Qu’est-ce qui définit un événement UGC réussi ?
Un événement UGC réussi est conçu intentionnellement pour encourager la création de contenus par les participants grâce à des installations interactives, des règles claires sur les droits médias et des contenus numériques faciles à partager. En réunissant ces éléments, les organisateurs de festivals transforment les acheteurs de billets passifs en ambassadeurs actifs de la marque et génèrent des contenus authentiques qui stimulent les ventes de billets futures.
Quelles fonctionnalités les organisateurs doivent-ils rechercher dans une plateforme d’engagement des fans pour un festival musical ?
Une plateforme d’engagement des fans pour un festival musical doit s’intégrer facilement aux systèmes de billetterie et RFID afin de permettre aux promoteurs de suivre les interactions des participants sur l’ensemble du site. Ses principales fonctionnalités doivent inclure des espaces centralisés pour distribuer des contenus numériques aux couleurs de la marque — comme des filtres AR ou des galeries photo exclusives —, des outils de gamification pour encourager le partage social et des tableaux de bord analytiques pour mesurer la portée et le ROI des contenus produits par les fans.
Quels outils les organisateurs utilisent-ils pour gérer les droits UGC et l’approbation des influenceurs ?
Les promoteurs s’appuient de plus en plus sur des plateformes de contenus générés par les utilisateurs qui gèrent la libération des droits, l’approbation des influenceurs et le whitelisting depuis un tableau de bord centralisé. Ces outils automatisent le consentement juridique et simplifient la transformation des publications spontanées de fans en contenus promotionnels payants conformes.

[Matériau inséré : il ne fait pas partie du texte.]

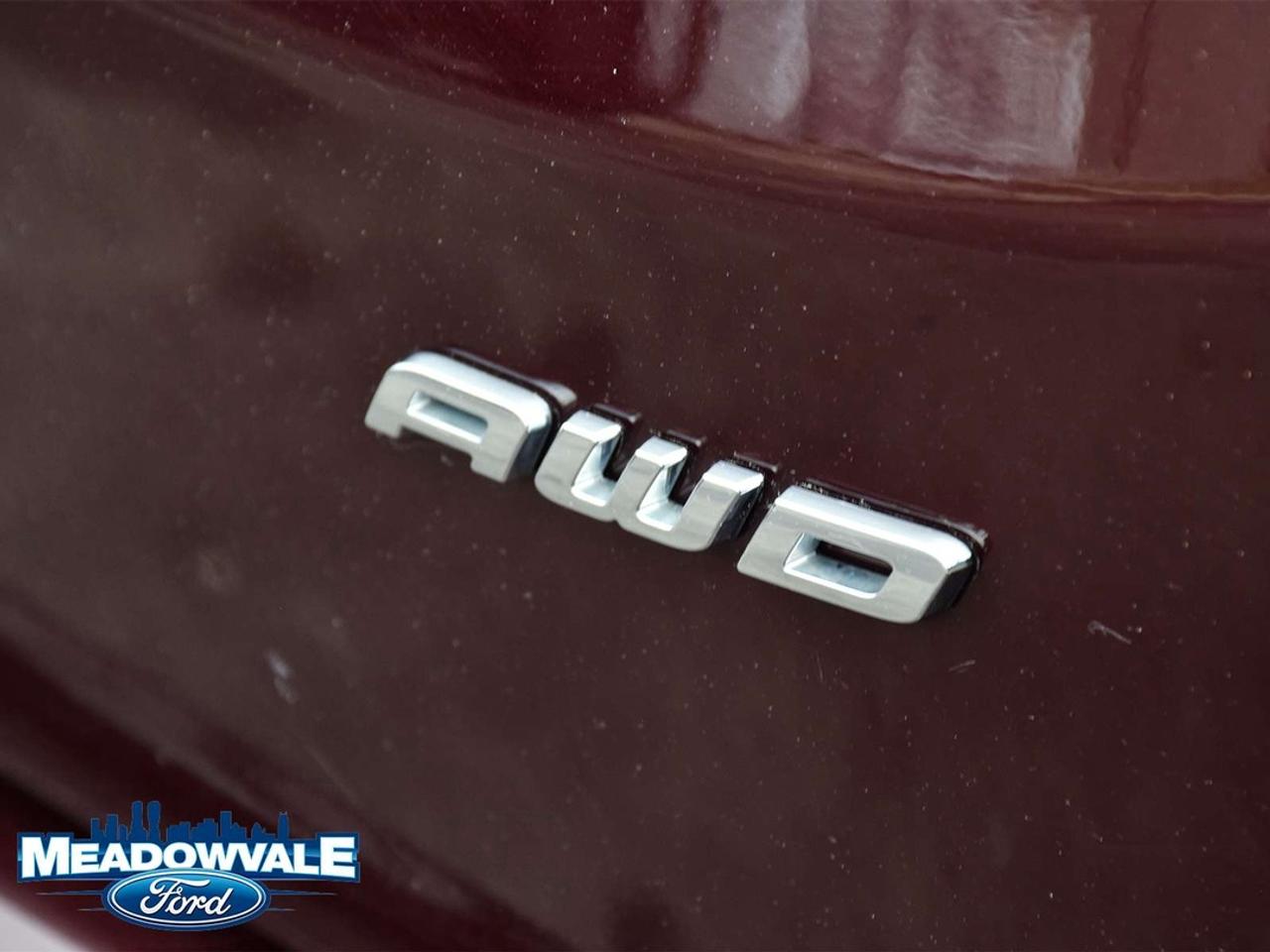 2023 Ford Edge SEL Photo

Quels avantages une plateforme de pass fans pour les créateurs apporte-t-elle aux opérations d’un festival ?
Une plateforme de pass fans pour les créateurs simplifie la gestion des accréditations en fournissant des pass d’accès numériques aux influenceurs et aux professionnels des médias. Elle permet aux organisateurs de distribuer facilement des contenus numériques exclusifs, de gérer l’accès VIP aux zones de création de contenus et de suivre le ROI de partenariats spécifiques avec des créateurs.
Comment les organisateurs peuvent-ils éviter qu’un festival soit perçu comme réservé aux influenceurs ?
Pour éviter que les participants se demandent si un événement comme Coachella est réservé aux influenceurs, les promoteurs doivent démocratiser l’expérience UGC du festival. Cela implique d’investir dans des activations de qualité et photogéniques, de l’art interactif et des contenus numériques faciles à partager, accessibles aux détenteurs de billets en admission générale et pas seulement aux VIP. En équilibrant les partenariats avec des créateurs très visibles et l’engagement authentique des fans ordinaires, l’événement conserve sa crédibilité culturelle et son atmosphère inclusive.